Tip of the Day: For a great YA read on a teen with a mother who hoards, check out DIRTY LITTLE SECRETS by C. J. Omololu. I couldn't put this book down!
I recently attended a workshop by a woman who is a professional declutterer. People call her and she helps them organize their homes/offices, and decide what to keep and what to toss from their living spaces.
As I get ready to move to my new house, one thing that she said about how to decide what to keep and what to toss particularly struck me. She said if you come across an item that you kept because a) Great Grandma Bernice gave it to you, b) it's from elementary school and is cool bc it's really old, c) it might be worth something some day, or d) insert some other random reason here, ONLY hold onto it longer IF YOU HAVE A POSITIVE MEMORY/STORY ASSOCIATED WITH IT.
Sure, you might love the memory of Great Grandma Bernice, but if the item in your hand doesn't help to conjur up or enhance those memories, if there's no story to share about the item and GGB, then let the item go.

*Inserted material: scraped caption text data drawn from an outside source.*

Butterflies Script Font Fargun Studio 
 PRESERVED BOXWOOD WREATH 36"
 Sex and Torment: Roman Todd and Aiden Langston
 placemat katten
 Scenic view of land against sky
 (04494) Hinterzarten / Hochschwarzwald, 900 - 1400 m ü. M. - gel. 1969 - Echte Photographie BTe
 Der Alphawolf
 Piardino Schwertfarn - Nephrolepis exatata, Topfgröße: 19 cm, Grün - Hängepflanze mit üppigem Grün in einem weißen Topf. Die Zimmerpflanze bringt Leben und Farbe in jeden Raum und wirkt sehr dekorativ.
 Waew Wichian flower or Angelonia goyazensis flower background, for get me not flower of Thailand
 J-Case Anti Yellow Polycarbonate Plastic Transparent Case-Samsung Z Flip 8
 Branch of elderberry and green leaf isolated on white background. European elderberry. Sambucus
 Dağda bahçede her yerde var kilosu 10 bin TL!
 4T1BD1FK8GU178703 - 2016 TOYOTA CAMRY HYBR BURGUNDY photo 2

If, however, the item is directly related to the time GGB visited with her new puppy that peed on the living room couch and had the family in hysterics and that story is one to be told over and over again, keep it.
How is this related to writing? I'm getting there, I swear.
As I revise my latest WIP, after seeing some of my words as part of the story for so long, it's hard to think of parting with them. How dare my CPs suggest that I mention food too much in my book that has nothing to do with food and that I cut some of the references! These words BELONG with the book! They ARE the book!
Wait -- maybe they aren't.... Do the food references enhance characters/plot elements/symbols in the book? Do the food references remind the characters of specific stories that are relevent to the plot/characterizations in the book? Or do they just clutter up the pages? Hmmm....
Are you a page pruner or a stubborn clutter bug? :)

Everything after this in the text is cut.